In The Heat Of The Night (1967)
The second 4K re-release is Norman Jewison’s Best Picture-winning cop drama in the heart of Mississippi with a Philadelphia detective (Sidney Poitier) who partners with a racist sheriff (Rod Steiger) to solve a homicide. Set fresh after the Civil Rights era, the unlikely duo get through the town’s indignation of a Black man of authority to solve the crime quickly, made famous by a slapback from Poitier. It won Steiger the Oscar for Best Actor and the film itself took Best Picture; In The Heat Of The Night remains a standout film of the times, many years later.

The Three Musketeers / The Four Musketeers (1973-1974)
Directed by Richard Lester (A Hard Day’s Night), this adaptation of Alexandre Dumas’ legendary novel features an amazing cast including Michael York, Oliver Reed, Frank Finlay, Richard Chamberlain, Raquel Welch, Faye Dunaway, Geraldine Chaplin, and Charlton Heston. By making it two films (it wasn’t supposed to be; the film’s length forced a change to make it two parts), Lester allows the story to breathe and open up more with dazzling fight scenes and charm that makes it a brilliant epic and arguably the best adaptation of this classic tale.

Killer of Sheep (1977)
Charles Burnett’s debut feature is set in the Los Angeles neighborhood of Watts, following a Black family’s hard life told in various episodes. Like David Lynch’s Eraserhead, Burnett’s film was made as a school project, which took a few years to film and edit (he was both editor and cinematographer), but the final product is a big slice of neo-realism. In black & white, Burnett made himself a standout on the indie scene with a lengthy career on film and TV, namely another film already part of Criterion, To Sleep With Anger.

Withnail And I (1987)
“We went on holiday by mistake!” This brilliant cult comedy from Bruce Robinson uses moments from his own life and Richard E. Grant and Paul McGann are a pair of struggling actors who go away from gloomy London…and go to a gloomier place. Dealing with an eccentric wealthy uncle (Richard Griffiths) and the desire to make sure the alcohol keeps flowing regardless of where they are, the two must survive all the greyness and keep their friendship intact without killing each other.

How To Get Ahead In Advertising (1989)
Two years after Withnail, Robinson and Grant collaborated again with the satire of Thatcherist capitalism compared to the drama of Oliver Stone’s Wall Street. Grant’s mentally unstable Badgley has a crisis at work with the ethics of advertising, and a boil forms on him, turning into a secondary version of himself, one that is unscrupulous in business. Like Withnail, How To Get Ahead In Advertising was not well-received upon release, but it has also turned into a cult comedy in the same way another work-related satire, Office Space, would also become when released years later.

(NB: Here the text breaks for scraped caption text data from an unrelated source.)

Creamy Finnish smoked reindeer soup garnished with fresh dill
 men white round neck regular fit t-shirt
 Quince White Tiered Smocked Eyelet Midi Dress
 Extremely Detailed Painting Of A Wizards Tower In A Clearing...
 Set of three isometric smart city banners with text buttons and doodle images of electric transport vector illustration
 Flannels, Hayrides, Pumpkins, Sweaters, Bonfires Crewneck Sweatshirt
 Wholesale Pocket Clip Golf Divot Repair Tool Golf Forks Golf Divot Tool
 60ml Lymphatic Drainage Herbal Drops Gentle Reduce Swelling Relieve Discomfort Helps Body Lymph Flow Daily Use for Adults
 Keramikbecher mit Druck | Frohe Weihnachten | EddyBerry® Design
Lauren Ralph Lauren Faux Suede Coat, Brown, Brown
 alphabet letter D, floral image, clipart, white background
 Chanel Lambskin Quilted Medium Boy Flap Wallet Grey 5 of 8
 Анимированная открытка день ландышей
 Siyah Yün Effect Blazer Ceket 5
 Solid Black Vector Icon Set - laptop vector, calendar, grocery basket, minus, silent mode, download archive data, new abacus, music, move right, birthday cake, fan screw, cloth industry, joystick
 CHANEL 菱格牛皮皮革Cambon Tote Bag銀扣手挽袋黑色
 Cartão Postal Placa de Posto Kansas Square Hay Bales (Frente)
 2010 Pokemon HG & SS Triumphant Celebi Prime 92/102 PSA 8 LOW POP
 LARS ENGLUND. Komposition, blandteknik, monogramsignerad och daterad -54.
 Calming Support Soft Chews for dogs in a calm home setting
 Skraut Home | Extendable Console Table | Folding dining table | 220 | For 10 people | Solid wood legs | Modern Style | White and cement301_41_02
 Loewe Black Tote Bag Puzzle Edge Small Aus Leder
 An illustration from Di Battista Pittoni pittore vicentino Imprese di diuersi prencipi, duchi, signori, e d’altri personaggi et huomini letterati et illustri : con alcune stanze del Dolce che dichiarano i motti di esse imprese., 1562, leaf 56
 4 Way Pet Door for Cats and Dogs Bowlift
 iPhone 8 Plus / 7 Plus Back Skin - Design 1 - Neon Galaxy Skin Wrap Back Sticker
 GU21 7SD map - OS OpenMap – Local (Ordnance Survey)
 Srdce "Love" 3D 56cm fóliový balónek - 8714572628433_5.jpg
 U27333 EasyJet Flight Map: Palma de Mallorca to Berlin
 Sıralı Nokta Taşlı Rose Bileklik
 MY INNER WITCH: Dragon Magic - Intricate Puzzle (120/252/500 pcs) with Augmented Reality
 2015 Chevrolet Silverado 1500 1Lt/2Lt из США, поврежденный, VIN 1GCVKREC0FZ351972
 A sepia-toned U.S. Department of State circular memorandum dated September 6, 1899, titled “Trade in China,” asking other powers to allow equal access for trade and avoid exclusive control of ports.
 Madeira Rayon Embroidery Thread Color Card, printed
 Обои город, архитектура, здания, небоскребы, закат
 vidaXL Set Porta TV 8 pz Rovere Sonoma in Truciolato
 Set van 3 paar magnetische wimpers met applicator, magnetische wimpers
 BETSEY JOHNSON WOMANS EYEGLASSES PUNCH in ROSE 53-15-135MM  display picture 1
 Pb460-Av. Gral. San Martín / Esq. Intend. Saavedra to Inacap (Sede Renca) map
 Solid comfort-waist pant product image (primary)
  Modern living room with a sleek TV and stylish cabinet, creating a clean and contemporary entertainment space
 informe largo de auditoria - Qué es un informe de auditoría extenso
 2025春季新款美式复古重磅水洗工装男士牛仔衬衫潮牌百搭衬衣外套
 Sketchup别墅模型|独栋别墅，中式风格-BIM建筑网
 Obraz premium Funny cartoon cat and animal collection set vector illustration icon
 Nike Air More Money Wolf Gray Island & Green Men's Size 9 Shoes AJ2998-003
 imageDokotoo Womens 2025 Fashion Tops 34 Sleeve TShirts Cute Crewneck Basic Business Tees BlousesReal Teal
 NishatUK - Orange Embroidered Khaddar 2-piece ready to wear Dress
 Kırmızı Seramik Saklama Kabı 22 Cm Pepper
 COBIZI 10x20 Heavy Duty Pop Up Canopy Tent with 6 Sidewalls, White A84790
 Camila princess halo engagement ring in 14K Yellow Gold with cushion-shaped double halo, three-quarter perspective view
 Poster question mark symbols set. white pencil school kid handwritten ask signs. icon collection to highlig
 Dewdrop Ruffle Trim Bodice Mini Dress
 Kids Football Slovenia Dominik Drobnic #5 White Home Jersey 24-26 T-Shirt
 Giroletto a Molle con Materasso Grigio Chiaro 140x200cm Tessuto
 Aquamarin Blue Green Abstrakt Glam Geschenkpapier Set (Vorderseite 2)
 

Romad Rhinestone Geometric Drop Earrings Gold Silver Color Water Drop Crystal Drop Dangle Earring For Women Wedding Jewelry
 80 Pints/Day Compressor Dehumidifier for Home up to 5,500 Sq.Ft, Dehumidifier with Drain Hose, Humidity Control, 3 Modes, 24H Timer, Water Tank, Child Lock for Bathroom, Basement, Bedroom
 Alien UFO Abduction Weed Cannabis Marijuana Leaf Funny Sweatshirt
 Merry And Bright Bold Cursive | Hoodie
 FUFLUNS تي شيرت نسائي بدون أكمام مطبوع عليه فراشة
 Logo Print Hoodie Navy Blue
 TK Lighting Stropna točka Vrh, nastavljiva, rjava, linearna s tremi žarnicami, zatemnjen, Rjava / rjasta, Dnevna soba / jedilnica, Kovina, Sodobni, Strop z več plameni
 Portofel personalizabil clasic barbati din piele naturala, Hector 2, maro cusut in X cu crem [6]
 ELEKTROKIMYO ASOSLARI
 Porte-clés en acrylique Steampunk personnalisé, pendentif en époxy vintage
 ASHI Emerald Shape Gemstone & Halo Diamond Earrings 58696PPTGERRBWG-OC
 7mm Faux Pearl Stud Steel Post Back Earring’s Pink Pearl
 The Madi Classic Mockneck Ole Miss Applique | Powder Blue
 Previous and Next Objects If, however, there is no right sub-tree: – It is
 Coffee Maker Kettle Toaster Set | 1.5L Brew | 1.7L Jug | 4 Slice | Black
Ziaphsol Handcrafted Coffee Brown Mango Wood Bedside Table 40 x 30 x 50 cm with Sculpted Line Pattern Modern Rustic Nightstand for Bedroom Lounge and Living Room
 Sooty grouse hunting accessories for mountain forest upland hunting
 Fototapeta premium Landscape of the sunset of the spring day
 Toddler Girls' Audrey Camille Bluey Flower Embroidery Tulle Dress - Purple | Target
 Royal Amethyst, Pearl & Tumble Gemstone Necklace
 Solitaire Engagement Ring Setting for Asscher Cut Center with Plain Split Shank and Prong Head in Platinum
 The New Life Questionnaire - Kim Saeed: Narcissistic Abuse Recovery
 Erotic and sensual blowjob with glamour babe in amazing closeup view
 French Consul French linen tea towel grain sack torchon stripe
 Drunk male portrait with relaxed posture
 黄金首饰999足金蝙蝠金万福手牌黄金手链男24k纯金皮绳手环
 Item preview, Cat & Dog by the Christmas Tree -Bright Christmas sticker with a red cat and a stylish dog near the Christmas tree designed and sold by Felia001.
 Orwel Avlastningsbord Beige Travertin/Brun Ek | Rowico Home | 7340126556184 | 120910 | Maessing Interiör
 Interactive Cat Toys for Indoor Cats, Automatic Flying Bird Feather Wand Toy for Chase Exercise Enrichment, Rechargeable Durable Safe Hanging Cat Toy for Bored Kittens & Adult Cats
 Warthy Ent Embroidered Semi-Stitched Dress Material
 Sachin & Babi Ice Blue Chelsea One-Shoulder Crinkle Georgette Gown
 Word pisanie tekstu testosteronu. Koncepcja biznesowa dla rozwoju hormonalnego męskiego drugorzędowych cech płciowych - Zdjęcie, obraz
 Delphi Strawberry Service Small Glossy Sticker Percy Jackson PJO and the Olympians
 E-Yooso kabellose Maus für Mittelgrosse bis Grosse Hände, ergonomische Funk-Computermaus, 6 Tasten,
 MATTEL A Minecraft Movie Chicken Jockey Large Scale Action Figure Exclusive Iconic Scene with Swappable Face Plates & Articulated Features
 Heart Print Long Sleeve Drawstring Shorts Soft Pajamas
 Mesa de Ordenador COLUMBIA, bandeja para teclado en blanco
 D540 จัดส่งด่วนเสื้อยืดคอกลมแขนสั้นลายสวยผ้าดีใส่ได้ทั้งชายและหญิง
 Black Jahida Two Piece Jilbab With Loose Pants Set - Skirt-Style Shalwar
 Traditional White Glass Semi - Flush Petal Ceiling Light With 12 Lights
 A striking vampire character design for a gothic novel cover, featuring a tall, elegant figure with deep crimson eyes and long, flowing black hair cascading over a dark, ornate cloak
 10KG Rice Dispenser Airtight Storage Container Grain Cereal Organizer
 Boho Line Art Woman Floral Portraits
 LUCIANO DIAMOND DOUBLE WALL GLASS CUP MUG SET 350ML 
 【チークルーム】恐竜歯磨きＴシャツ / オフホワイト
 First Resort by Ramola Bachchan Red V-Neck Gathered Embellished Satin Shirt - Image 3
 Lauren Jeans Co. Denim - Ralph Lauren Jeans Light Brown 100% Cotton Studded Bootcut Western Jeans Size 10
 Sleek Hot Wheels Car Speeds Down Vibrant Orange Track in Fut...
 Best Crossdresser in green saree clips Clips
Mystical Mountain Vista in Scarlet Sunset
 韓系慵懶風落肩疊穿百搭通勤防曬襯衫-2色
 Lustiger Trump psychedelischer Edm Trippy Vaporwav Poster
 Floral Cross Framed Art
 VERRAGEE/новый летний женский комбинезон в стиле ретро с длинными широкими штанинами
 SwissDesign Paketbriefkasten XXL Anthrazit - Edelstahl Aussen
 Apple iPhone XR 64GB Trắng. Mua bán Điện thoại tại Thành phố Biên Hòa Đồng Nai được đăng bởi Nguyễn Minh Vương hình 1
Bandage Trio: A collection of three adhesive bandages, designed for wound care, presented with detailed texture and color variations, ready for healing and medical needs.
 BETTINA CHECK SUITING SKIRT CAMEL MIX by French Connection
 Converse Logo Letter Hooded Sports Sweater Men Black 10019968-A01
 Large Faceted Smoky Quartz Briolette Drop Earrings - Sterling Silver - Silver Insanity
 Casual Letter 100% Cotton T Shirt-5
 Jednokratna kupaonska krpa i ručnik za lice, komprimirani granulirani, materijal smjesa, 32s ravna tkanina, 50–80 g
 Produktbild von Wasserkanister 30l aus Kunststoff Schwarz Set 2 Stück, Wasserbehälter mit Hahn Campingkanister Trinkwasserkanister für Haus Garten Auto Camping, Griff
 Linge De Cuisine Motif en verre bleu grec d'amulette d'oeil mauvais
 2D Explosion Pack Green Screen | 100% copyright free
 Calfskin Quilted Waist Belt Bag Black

The Wind Will Carry Us (1999)
The latest addition from Iranian master Abbas Kiarostami follows a documentarian who goes to a village to see funeral preparations for an elderly woman who has yet to die. As they wait, he connects with the villagers while constantly getting calls back home with his old cellular, the only link to his life. It is a story about rural Iran and Kiarostami’s adoration for traditions despite a growing modern country and the continuing divide on lifestyles there.

Room 666 / Room 999 (1982 & 2023)
A double-feature set forty years apart are documentaries that question contemporary filmmakers on the status of the industry they work in, and if it is serious peril. Wim Wenders directed 666 and put that question to Michelangelo Antonioni, Rainer Werner Fassbinder, Jean-Luc Godard, and Steven Spielberg among others. For 999, the question was asked by Lubna Playoust to Wenders himself as well as David Cronenberg, Claire Denis, Lynne Ramsey, and Asghar Farhadi. “Is cinema a language about to get lost, an art about to die?” There are many answers to this very question, especially at this point.